SAN FRANCISCO -- Warriors training camp invitee Juan Toscano walked along a white backdrop inside Golden State's practice facility during Monday's media day just like any other player. Like his new teammates, Toscano participated in a series of poses and mock dunks as photographers snapped photos. Towards the end of his session, a team staffer handed Toscano a Mexican flag, giving a special symbolism to the occasion. 

Toscano currently is one of two players of Mexican descent in NBA training camps this fall. An East Oakland native, many of Golden State's best and worst moments happened within walking distance of his immigrant grandfather's home.

Now, after an impressive career in Latin America, the 26-year-old is looking to make good on his NBA dream. 

"I was really nervous. I ain't going to lie," he admitted. "It felt surreal, just ... being in this gym, being in these facilities, seeing all these banners up."

The number 95 that rested underneath Toscano's Mexican flag Monday holds a special meaning for the forward. Four decades ago, Toscano's grandfather immigrated from Michoacán and bought a house on 95th and A Street, tucked in the heart of East Oakland's Elmhurst neighborhood.

Though mixed with African descent, he visited Mexico once when he was six, celebrated Mexican holidays and regularly spoke Spanish growing up. However, in a predominantly African-American neighborhood, Toscano lived a double life of sorts. 

"I just gravitated towards African-American culture," Toscano said. "All my friends are African American. So it was just like, I was Mexican at home, but in the streets or at school I was -- I am half black but that's the music; I listen to hip-hop, to black culture, or African-American culture or urban culture. At home we spoke Spanish, we eat Mexican food, celebrate Mexican holidays. I had both growing up, though." 

His life's duality manifested in the evolution of his name. As a prep star at Castro Valley High School, he went by Juan Anderson, lead the Trojans to a 30-2 record and a CIF NorCal Championship berth his senior year, averaging 16.6 points, 7.0 rebounds and 5.0 assists per game. He kept the name at Marquette, where he was a three-year starter with the Eagles. 

"I just always went with Juan Anderson," Toscano said. "I guess cause it was just simpler, and I guess more Americanized. ... On my birth certificate, it's always been Toscano-Anderson.
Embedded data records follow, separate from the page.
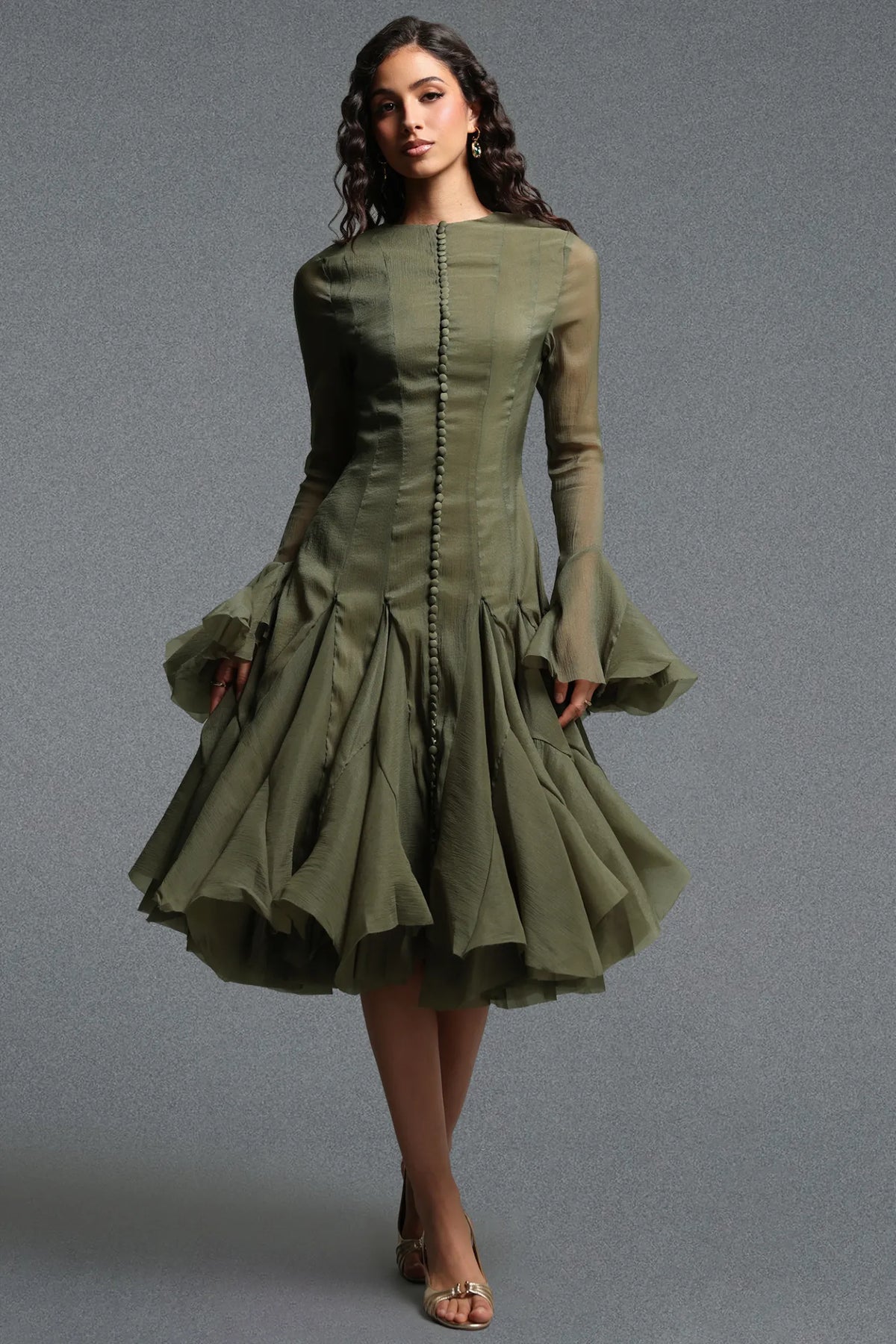 Button-Front Bell-Sleeve Flared Dress - Moss Green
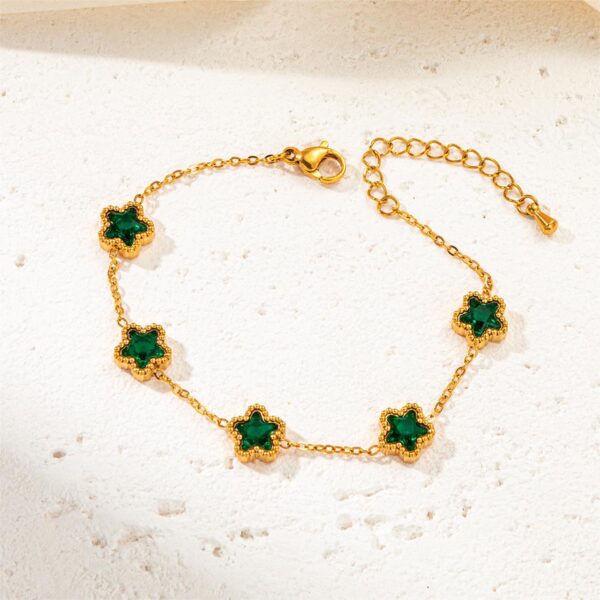 Wholesale Bracelet Non-Fading Women's Summer Gold Retro Titanium Steel Colorful Zircon Bracelet Five-Pointed Star High-Grade Emerald Zircon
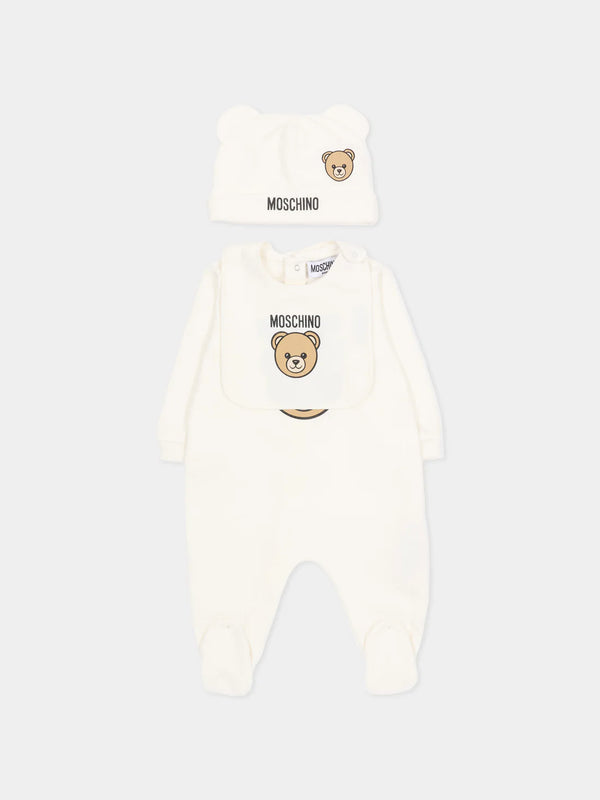 Set regalo composto di  tutina , cappello e bavaglino MUY097 LCA19 /10063 MOSCHINO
You look in the school book, like the first day of school when they call, they always call Juan Toscano-Anderson." 

Following his college career, it was his Mexican lineage that saved his basketball life. After four years in Marquette, Toscano had zero offers overseas, let alone from the NBA in 2015 after his senior year. Then, on a trip to Charlotte to see his former coach Buzz Williams, he got a call from Mexican national team officials. 

Toscano flew to Mexico City just hours after returning home from Charlotte. By the end of the summer, Toscano was playing in 2015 FIBA Americas Championship, competing against NBA talent like Andrew Wiggins, J.J. Barea and Luis Scola. In a semi-final loss to Argentina, he tallied 10 points, two rebounds and two assists. Offers started pouring in soon after, causing another name change.  

"When I went to Mexico and when I got my passport, I had to play with Toscano because that's how I got my passport," he said. "Toscano was my Mexican name, so that's just what I use. That's what I put on my jersey. And I'm going to start in my career. So everybody in regards to the basketball world, everybody outside of the United States, know me as Juan Toscano." 

Stints in Argentina and Venezuela soon followed. But he flourished in Mexico, leading Fuerza Regia de Monterrey -- a squad in Mexico's top league --to the postseason the last two years. In 2018, he earned MVP honors, averaging 14.0 points, 6.1 rebounds, 4.2 assists in 29.8 minutes per game. By 25, he was one of the top players in the league, making six figures and becoming one of the faces of Mexico's basketball scene. 

"They showed me so much love," Toscano said. "They were always offering to cook food for me, invited me over to eat, give me rides places. I didn't have a car out there and stuff, just everything man. They're real good people.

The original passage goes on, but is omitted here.